Constrained Reed–Solomon codes are defined by a constraint, which consists of a weight polynomial $\hat{w}\in \mathbb{F}[Z, X_1, \dots, X_m]$ and of a target $\sigma \in \mathbb{F}$:

$$ \mathsf{CRS}[\mathbb{F}, L, m, \hat{w}, \sigma] := \{ f \in \mathsf{RS}[\mathbb{F}, L, m] : \sum_{\mathbf{b}} \hat{w}(\hat{f}(\mathbf{b}), \mathbf{b}) = \sigma \} $$

Note, for example, that by setting $\hat{w}(Z, X_1, \dots, X_m) = Z \cdot \mathsf{eq}(\mathbf{z}, X_1, \dots, X_m)$² for some $\mathbf{z} \in \sigma$ the constrained code exactly captures Reed–Solomon codewords whose corresponding polynomial evaluates to $\sigma$ at $\mathbf{z}$.

WHIR

WHIR is an IOPP of proximity for constrained Reed–Solomon codes. WHIR makes use of both the sumcheck techniques introduced in [ZFC24]³ and of the rate improvement techniques in [ACFY24]⁴.
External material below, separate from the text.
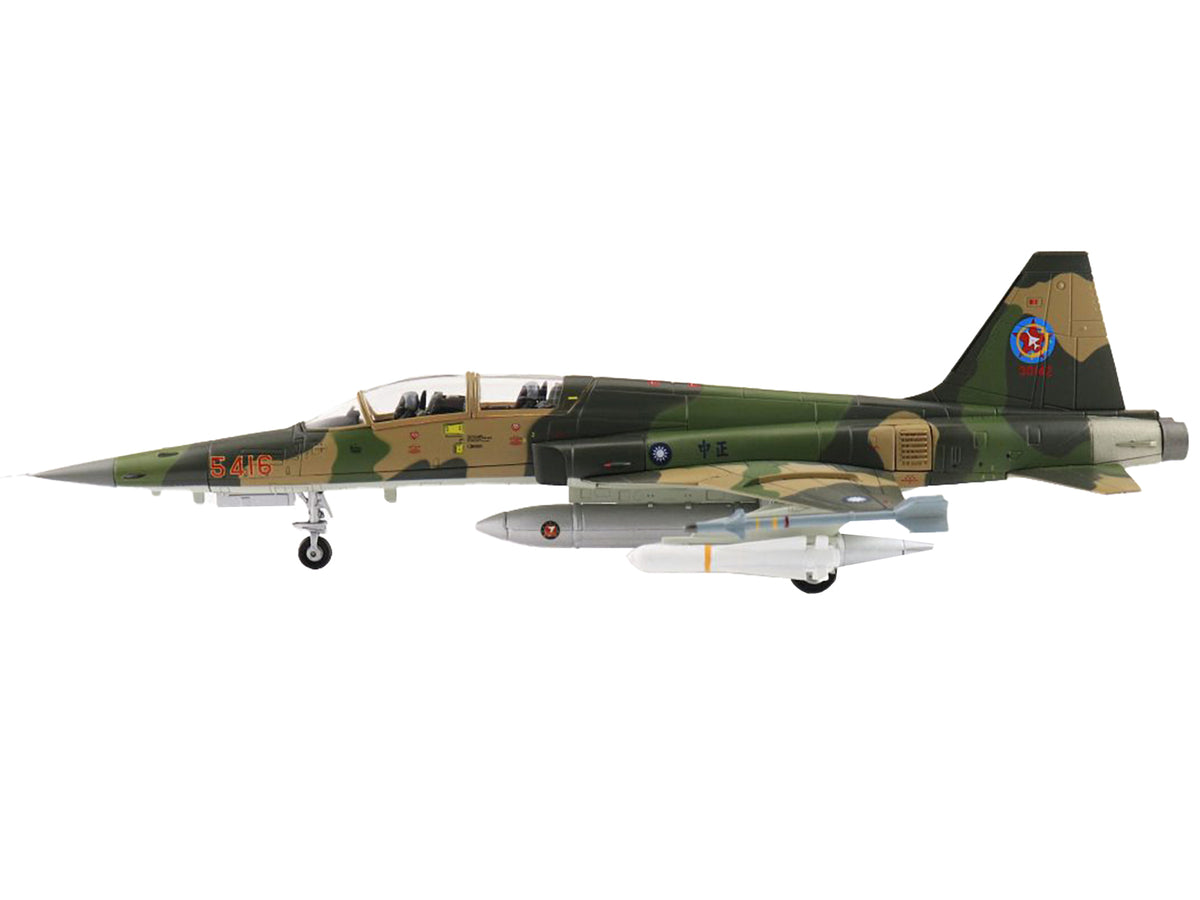 Northrop F-5F Tiger II Aircraft "46th Aggressor Squadron 7th Flight Training Wing" Republic of China Air Force "Air Power Series" 1/72 Diecast Model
Let $k$ be a folding parameter, $\delta \in (0, 1 - \rho)$⁵ a proximity parameter and $t$ a repetition parameter. A WHIR iteration reduces testing that $$ f \in \mathsf{CRS}[\mathbb{F}, L, m, \hat{w}, \sigma] $$ to testing that $$ g \in \mathsf{CRS}[\mathbb{F}, L^2, m - k, \hat{w}’, \sigma’],$$ for related $g, \hat{w}’, \sigma’$.

Further, if $f$ was $\delta$-far from the original code, then, unless with probability approximately $(1 - \delta)^t$, $g$ will be $(1 - \rho’)$-far from the smaller code, where $\rho’ = 2^{1 - k} \cdot \rho$ is the code of this new code.

The iteration consists of the following steps:

Sumcheck rounds. The prover and the verifier engage in $k$ rounds of the sumcheck protocol for the claim $$ \sum_{\mathbf{b}} \hat{w}(\hat{f}(\mathbf{b}), \mathbf{b}) = \sigma $$ where $\hat{f}$ is the multilinear polynomial associated with $f$. At the end of the interaction, the prover will have sent quadratic $(\hat{h}_1, \dots, \hat{h}_k)$ while the verifier will have sampled randomness $(\alpha_{1},\dots,\alpha_{k})\in \mathbb{F}^k$. This reduces the initial claim to the simpler claim $$ \sum_{\mathbf{b}} \hat{w}(\hat{f}(\alpha_1, \dots, \alpha_k, \mathbf{b}), \alpha_1, \dots, \alpha_k, \mathbf{b}) = \sigma $$
Claimed codeword. The prover sends a function $g: L^2 \to \mathbb{F}$. In the honest case, $g$ is the codeword associated to the $(m - k)$-variate multilinear polynomial $\hat{f}(\alpha_1, \dots, \alpha_k, \cdot)$.
Out-of-domain sample. The verifier samples and sets $z_0 \gets \mathbb{F}$. We let $\mathbf{z}_0 := (z_0, \dots, z_0^{2^{m-1}})$.
Out-of-domain answer. The prover replies with $y_0$. In the honest case $y_0 := \hat{g}(\mathbf{z}_0)$.
Shift queries and combination randomness. For every $i \in [t]$, the verifier samples $z_i \gets L^{2^k}$, computes $y_i := \mathsf{Fold}(f, (\alpha_1, \dots, \alpha_k))(z_i)$ by querying $f$⁶, and sets $\mathbf{z}_i := (z_i, \dots, z_i^{2^{m-1}})$. It then samples $\xi \gets \mathbb{F}$ and sends $z_1, \dots, z_t, \xi$ to the prover.
Recursive claim. Prover and verifier set: $$ \hat{w}’(Z, \mathbf{X}) := \hat{w}(Z, \alpha_1, \dots, \alpha_k, \mathbf{X}) + Z \cdot \sum_{i = 0}^t \xi^{i + 1} \cdot \mathsf{eq}(\mathbf{X}, \mathbf{z}_i) $$ and $$ \sigma’ := \hat{h}_k(\alpha_k) + \sum_{i = 0}^t \xi^{i + 1} y_i $$

At each iteration, the verifier performs exactly $t$ queries to the function being tested each of which reads $2^k$ field elements, performs $O(k)$ field operations to check the sumcheck claims and $O(t \cdot 2^k)$ fops to compute the folds⁷. Additionally, in the final iteration the verifier will have to evaluate a final weight polynomial $\hat{w}$ which contains $O(\sum_i t_i)$ equality polynomials over at most $m$ variables (plus the initial weight).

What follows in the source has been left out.